Write out exactly, and only, the lines below from the line with "CHANEL Metal Logo" through the line with "Bluelover Monster High: Great"; pictures do not belong in the copy.

Extracted records →
::::
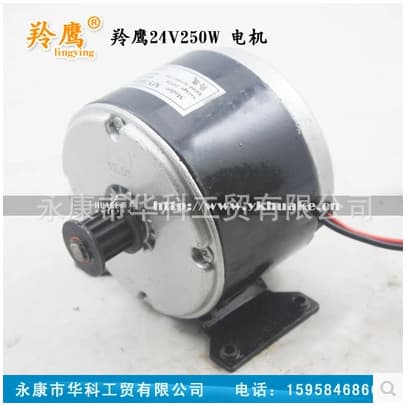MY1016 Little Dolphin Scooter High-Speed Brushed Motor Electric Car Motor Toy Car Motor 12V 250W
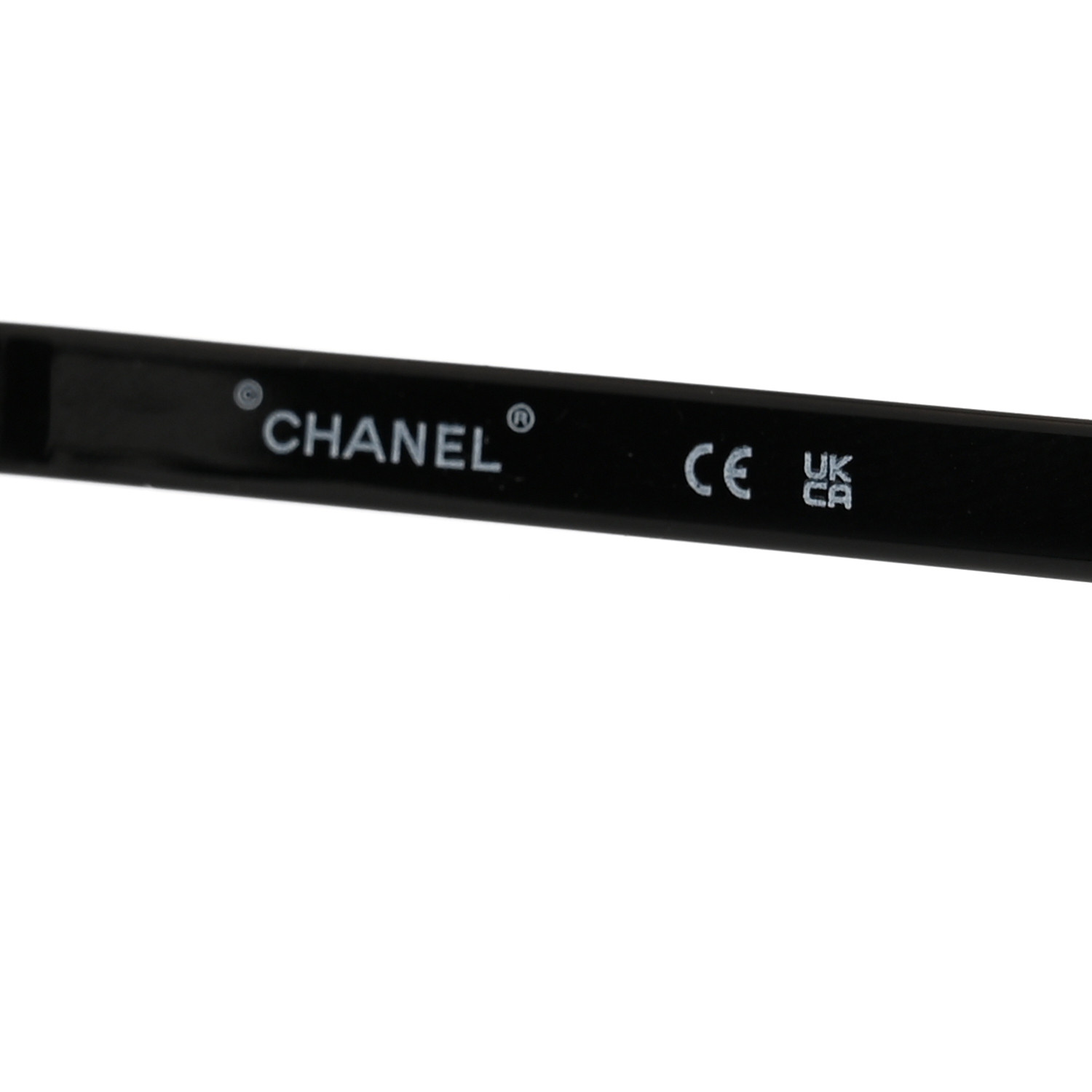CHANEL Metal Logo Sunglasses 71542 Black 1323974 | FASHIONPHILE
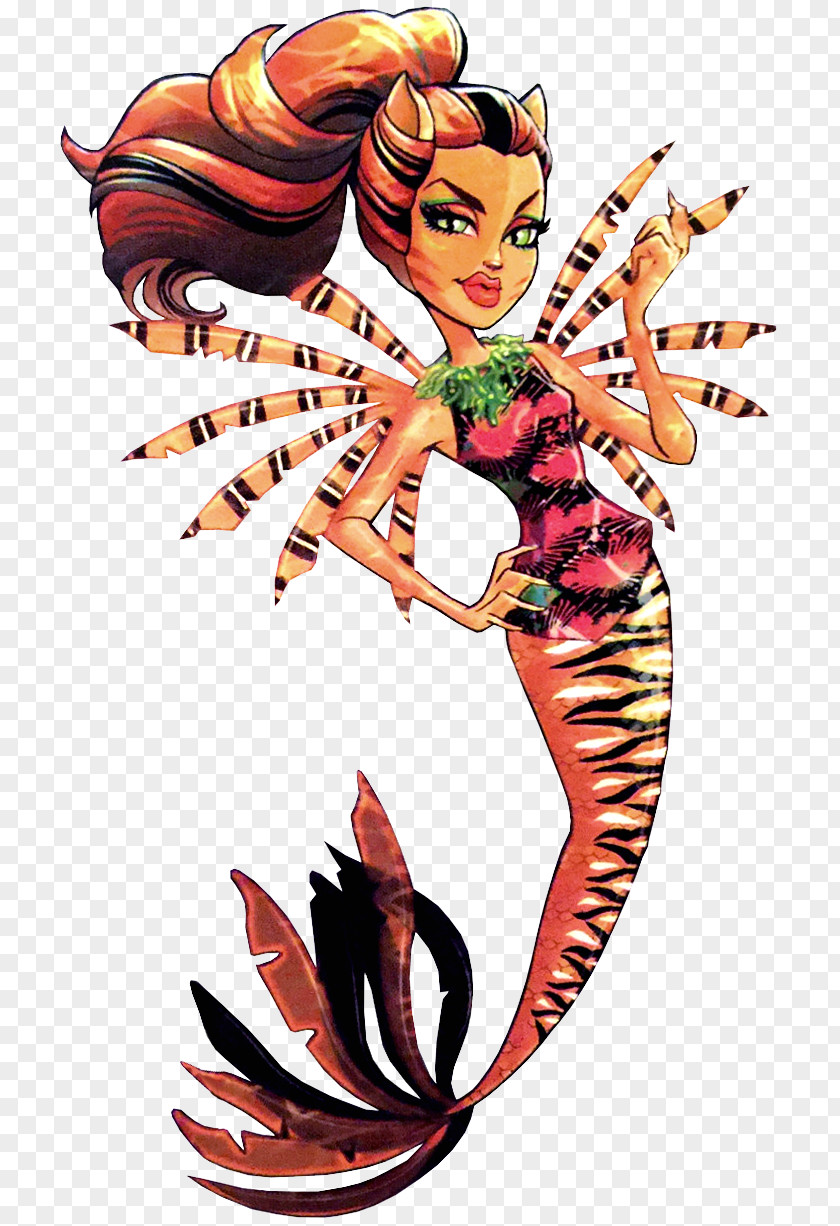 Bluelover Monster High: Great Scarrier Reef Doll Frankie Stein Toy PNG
::::
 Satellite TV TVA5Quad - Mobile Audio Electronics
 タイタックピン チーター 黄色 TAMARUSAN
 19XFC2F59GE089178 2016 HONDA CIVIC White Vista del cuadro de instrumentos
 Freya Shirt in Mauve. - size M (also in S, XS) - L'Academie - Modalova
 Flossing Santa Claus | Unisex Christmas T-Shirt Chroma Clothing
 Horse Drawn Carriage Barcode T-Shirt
::::
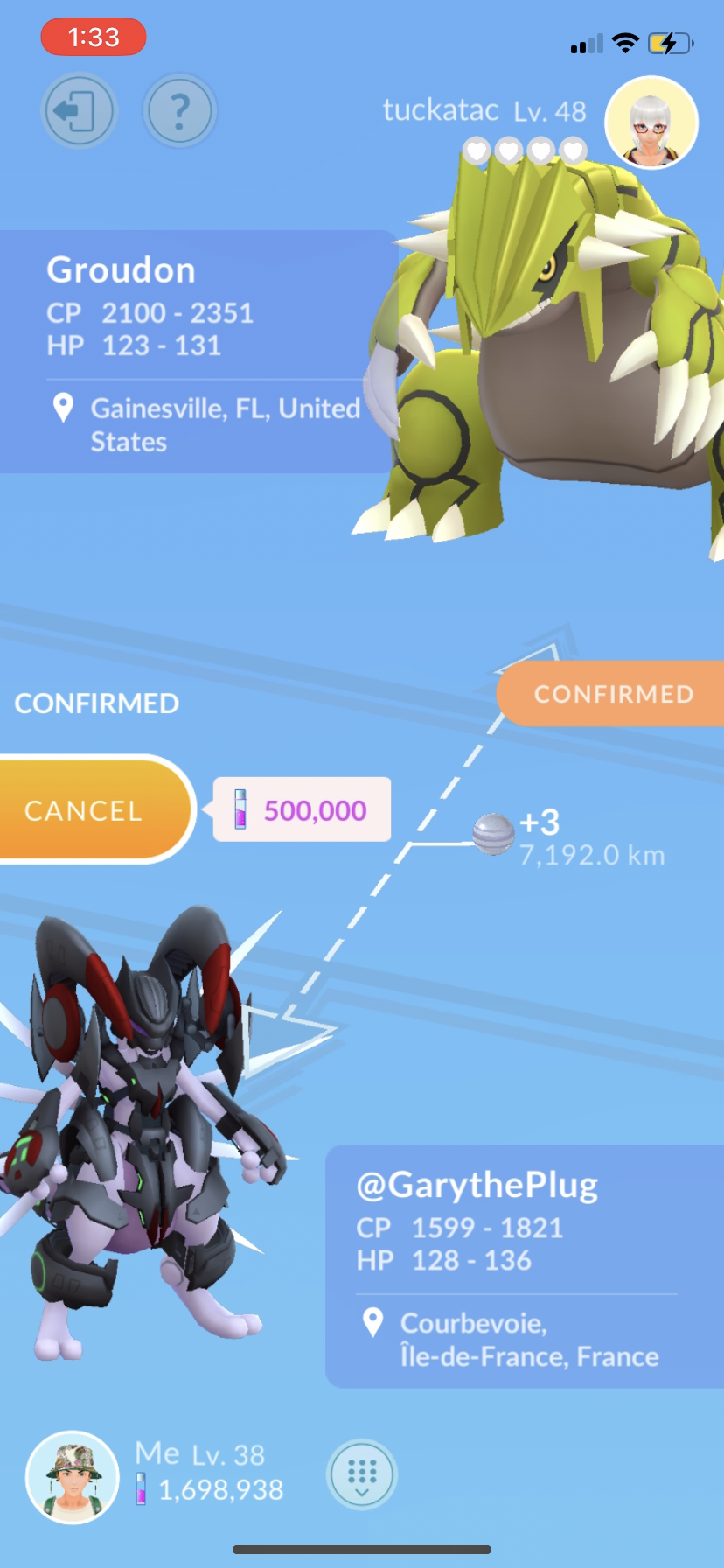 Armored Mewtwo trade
::::
Response to this exercise →
CHANEL Metal Logo Sunglasses 71542 Black 1323974 | FASHIONPHILE
 Bluelover Monster High: Great Scarrier Reef Doll Frankie Stein Toy PNG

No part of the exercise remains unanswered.